__WORK INSTRUCTION__
Once you reach the line containing "Noto Serif Display", copy it and every line after it exactly, through the end of the data below.

__AVAILABLE RECORDS__
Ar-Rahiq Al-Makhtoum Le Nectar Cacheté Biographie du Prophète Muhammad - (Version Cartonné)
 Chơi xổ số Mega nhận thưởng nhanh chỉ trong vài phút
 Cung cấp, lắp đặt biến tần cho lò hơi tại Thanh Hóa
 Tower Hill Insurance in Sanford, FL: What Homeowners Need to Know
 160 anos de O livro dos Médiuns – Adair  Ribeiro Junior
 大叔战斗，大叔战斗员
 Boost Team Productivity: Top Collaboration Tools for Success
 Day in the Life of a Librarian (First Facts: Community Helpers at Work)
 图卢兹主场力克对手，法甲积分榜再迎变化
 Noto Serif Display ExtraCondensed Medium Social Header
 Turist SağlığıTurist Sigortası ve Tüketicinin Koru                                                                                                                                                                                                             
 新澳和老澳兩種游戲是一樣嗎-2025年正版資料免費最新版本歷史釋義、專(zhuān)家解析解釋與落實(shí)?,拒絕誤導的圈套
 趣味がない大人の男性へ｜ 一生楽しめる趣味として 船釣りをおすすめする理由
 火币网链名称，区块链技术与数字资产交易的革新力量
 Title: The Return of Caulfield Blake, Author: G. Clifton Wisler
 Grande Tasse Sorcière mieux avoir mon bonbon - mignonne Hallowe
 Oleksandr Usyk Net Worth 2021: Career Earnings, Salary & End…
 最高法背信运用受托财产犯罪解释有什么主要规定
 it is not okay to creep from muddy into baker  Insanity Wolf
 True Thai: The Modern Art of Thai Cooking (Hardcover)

__YOUR SOLUTION__
 Noto Serif Display ExtraCondensed Medium Social Header
 Turist SağlığıTurist Sigortası ve Tüketicinin Koru                                                                                                                                                                                                             
 新澳和老澳兩種游戲是一樣嗎-2025年正版資料免費最新版本歷史釋義、專(zhuān)家解析解釋與落實(shí)?,拒絕誤導的圈套
 趣味がない大人の男性へ｜ 一生楽しめる趣味として 船釣りをおすすめする理由
 火币网链名称，区块链技术与数字资产交易的革新力量
 Title: The Return of Caulfield Blake, Author: G. Clifton Wisler
 Grande Tasse Sorcière mieux avoir mon bonbon - mignonne Hallowe
 Oleksandr Usyk Net Worth 2021: Career Earnings, Salary & End…
 最高法背信运用受托财产犯罪解释有什么主要规定
 it is not okay to creep from muddy into baker  Insanity Wolf
 True Thai: The Modern Art of Thai Cooking (Hardcover)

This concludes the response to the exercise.